**RECORDED DATA:**
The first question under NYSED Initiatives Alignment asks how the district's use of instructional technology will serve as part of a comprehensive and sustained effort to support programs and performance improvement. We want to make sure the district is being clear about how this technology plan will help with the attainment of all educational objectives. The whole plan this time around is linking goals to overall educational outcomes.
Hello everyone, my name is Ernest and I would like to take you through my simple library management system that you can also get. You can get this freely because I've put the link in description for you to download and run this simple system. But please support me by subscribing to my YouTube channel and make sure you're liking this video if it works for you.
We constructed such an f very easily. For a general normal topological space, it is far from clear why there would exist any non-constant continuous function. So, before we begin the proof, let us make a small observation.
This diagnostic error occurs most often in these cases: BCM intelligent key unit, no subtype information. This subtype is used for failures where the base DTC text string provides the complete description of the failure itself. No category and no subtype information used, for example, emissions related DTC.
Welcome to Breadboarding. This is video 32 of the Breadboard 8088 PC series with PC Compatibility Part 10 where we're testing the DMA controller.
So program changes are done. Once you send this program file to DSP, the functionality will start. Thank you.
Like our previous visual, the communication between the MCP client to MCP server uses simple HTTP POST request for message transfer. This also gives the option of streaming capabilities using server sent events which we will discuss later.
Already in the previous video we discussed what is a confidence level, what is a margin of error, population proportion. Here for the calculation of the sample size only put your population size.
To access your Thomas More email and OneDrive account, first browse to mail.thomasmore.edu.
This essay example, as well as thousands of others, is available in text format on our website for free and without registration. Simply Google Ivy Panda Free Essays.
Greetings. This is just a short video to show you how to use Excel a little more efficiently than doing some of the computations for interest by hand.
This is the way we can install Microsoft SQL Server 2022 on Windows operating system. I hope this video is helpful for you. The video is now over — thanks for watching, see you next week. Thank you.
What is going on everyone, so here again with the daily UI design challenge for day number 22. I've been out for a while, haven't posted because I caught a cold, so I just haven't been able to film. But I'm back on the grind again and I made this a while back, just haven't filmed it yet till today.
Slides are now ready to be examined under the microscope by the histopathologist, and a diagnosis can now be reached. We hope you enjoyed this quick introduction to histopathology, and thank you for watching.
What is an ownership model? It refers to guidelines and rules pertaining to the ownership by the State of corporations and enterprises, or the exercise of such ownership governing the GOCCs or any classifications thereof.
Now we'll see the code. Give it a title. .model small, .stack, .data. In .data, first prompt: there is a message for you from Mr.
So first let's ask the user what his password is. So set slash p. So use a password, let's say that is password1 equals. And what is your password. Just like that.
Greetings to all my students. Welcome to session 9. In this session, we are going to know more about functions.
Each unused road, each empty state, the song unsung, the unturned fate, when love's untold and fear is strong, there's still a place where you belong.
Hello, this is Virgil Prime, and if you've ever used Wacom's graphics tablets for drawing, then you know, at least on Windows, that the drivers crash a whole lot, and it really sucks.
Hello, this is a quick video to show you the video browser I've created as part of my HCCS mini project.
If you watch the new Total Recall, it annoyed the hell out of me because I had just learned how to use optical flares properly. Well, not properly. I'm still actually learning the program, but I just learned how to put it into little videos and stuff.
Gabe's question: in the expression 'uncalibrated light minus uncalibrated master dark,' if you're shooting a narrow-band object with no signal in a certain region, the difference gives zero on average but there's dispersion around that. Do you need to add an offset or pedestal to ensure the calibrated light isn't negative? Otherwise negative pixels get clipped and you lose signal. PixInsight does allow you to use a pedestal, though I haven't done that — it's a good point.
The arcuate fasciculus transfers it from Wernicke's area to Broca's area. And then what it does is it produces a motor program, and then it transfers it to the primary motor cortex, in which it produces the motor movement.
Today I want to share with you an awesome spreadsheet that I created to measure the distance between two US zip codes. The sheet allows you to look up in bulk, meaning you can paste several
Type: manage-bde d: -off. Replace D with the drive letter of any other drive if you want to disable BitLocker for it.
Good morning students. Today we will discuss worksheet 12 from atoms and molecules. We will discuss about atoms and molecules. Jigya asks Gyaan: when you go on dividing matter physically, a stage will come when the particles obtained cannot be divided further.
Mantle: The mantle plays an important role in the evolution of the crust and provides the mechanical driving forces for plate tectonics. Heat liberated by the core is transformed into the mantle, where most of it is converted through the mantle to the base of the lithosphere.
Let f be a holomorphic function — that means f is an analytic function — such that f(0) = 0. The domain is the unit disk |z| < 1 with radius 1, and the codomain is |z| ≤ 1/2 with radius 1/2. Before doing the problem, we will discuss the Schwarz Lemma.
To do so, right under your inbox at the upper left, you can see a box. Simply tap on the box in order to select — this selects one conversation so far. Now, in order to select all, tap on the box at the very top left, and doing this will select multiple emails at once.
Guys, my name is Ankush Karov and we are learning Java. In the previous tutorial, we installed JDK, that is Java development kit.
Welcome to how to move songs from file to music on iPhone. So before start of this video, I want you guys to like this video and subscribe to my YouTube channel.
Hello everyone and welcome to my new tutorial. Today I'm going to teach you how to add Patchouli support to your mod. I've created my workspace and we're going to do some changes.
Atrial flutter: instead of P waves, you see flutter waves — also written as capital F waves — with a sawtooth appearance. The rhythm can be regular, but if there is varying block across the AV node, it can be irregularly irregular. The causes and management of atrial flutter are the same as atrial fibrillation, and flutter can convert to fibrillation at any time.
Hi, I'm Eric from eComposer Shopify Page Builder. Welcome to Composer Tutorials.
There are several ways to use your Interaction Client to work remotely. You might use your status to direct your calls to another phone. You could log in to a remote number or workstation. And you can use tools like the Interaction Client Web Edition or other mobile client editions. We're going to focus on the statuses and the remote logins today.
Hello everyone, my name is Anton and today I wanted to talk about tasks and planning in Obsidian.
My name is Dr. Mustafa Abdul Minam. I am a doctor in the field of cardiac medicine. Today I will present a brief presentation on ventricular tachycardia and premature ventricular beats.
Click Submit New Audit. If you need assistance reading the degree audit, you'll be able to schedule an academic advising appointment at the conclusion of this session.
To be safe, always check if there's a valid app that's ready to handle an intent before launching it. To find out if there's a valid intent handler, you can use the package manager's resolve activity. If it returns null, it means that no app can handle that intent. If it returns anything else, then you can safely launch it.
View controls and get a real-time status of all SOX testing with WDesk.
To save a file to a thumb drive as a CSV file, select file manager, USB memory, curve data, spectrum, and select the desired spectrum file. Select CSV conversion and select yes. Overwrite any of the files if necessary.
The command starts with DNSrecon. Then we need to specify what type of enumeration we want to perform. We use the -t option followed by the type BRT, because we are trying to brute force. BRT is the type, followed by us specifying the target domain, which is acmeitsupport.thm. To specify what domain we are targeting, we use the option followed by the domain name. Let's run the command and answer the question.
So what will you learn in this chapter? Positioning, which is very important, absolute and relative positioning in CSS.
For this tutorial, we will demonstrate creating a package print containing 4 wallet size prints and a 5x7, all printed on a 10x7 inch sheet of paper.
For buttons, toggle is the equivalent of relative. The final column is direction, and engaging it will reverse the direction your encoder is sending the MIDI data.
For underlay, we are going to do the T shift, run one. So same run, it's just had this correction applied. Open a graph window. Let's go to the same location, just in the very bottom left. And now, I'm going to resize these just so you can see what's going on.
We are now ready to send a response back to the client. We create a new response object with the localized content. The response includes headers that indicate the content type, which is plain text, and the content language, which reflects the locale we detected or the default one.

**WHAT THIS TASK INVOLVES:** Find the string "relative" in the material above. Then copy each line that has it.

**FINAL ANSWER:**
So what will you learn in this chapter? Positioning, which is very important, absolute and relative positioning in CSS.
For buttons, toggle is the equivalent of relative. The final column is direction, and engaging it will reverse the direction your encoder is sending the MIDI data.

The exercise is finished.